[[ Data under study, beginning ]]
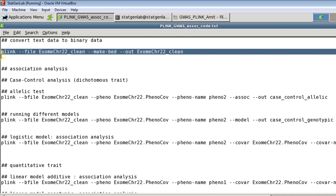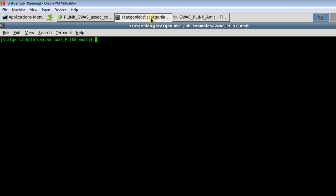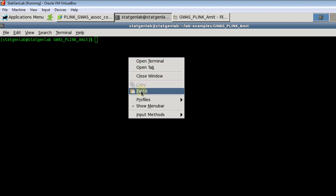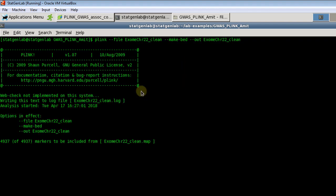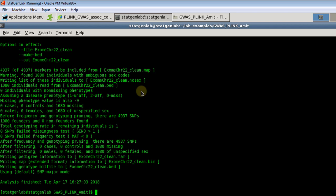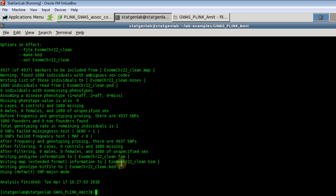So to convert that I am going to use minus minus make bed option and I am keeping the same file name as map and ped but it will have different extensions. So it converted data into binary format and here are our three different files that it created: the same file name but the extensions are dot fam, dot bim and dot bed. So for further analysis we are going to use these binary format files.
[[ Data under study, end ]]
[[ Data under study, beginning ]]
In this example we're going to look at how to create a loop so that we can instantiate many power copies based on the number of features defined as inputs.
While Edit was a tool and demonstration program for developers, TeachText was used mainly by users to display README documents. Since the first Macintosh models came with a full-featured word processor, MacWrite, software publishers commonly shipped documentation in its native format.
[[ Data under study, end ]]
§ What is being asked:
As the answer, set down only the lines from the data above between the one holding "In this example" and the one holding "While Edit was", inclusive, exactly as they read.

§ Exercise answer:
In this example we're going to look at how to create a loop so that we can instantiate many power copies based on the number of features defined as inputs.
While Edit was a tool and demonstration program for developers, TeachText was used mainly by users to display README documents. Since the first Macintosh models came with a full-featured word processor, MacWrite, software publishers commonly shipped documentation in its native format.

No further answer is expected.